Why focus on MEV strategies and solutions in L2 networks?
The MEV phenomenon persists in environments lacking transaction pools and plays a crucial role in maintaining market efficiency, especially through strategies such as statistical arbitrage, atomic arbitrage, and liquidation in outdated AMM and lending markets. However, the lack of mature MEV infrastructure such as bundling services may lead to some negative consequences. Without transaction pools, many MEV strategies may devolve into spam strategies, leading to increased network rollback rates and exacerbated network congestion.
By implementing bundling services, focusing MEV competition from the main chain to auxiliary chains can effectively alleviate the burden of high gas fees faced by users due to MEV robot competition. Meanwhile, searchers benefit from rollback protection, enjoying higher profit margins and reducing the risk of failure costs.
For L2 networks using shared sequencers, mainstream solutions often require users to submit transactions to public transaction pools, which may lead to the recurrence of sandwich attacks.

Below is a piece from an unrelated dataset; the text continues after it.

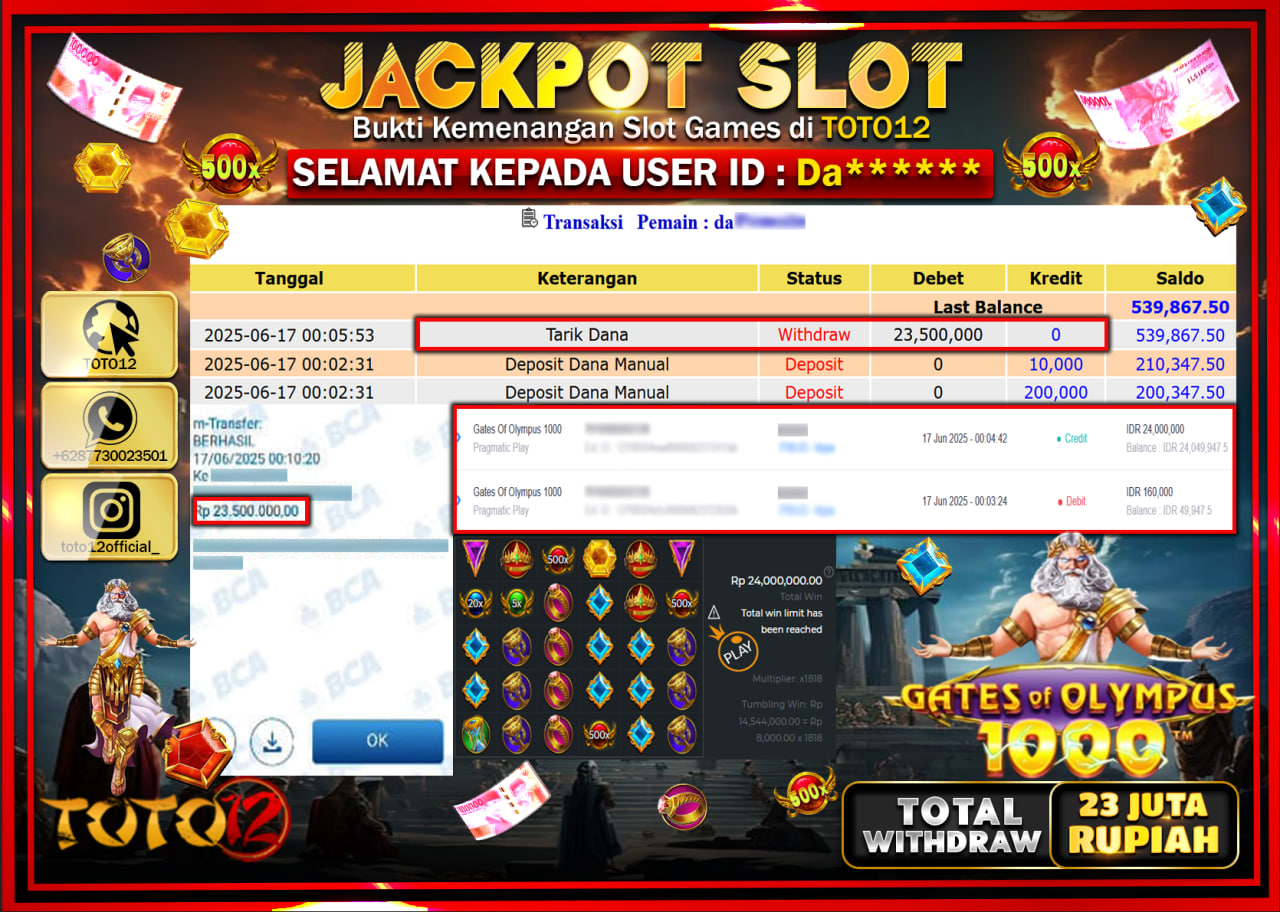 HANYA DI TOTO12 JP PASTI DI BAYAR LUNAS DAN CEPAT!!!!!! JACKPOT SLOT GAME (GATES OF OLYMPUS 1000) Rp.23.000.000 !!!!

In such cases, MEV protection tools like Flashbots Protect are particularly important, as they not only protect users from the threat of sandwich attacks but also may provide refunds for MEV or priority fees, ensuring users receive higher-quality transaction executions and more favorable prices.
The development of complex MEV infrastructure faces some unresolved challenges. Firstly, as more value flows to sequencers, searchers’ profit models change over time, and marginal profits may decrease. This change may raise questions about the sustainability of long-term highly competitive search strategies. We expect market mechanisms to adjust to this phenomenon, where common search strategies pay a larger but not complete proportion of value to sequencers, while less common strategies pay less.
Additionally, existing MEV infrastructure, such as Ethereum’s block building market, is evolving rapidly in terms of order flow dynamics. So far, these factors have been major drivers of the centralization trend in the block building market and the rise of private transaction pools on Ethereum L1. Ensuring the competitiveness and fairness of the block building market remains an issue that needs to be addressed.
Finally, MEV solutions on L2 networks may need to be distinct from current Ethereum mechanisms, primarily due to L2’s unique features: such as shorter block generation times, lower block space costs, and relatively centralized governance structures. For example, Arbitrum’s block time is only 250 milliseconds, and whether such rapid block generation rates can be compatible with existing MEV infrastructure remains uncertain. At the same time, ample and economical block space provided by L2 has greatly changed the pattern of transaction search, making spam problems more serious and urgently requiring new solution strategies. Furthermore, compared to other environments like Ethereum L1, L2 governance is more centralized, which may allow additional requirements to be imposed on MEV service providers, such as requiring block builders to avoid sandwich attacks on users to ensure market fairness.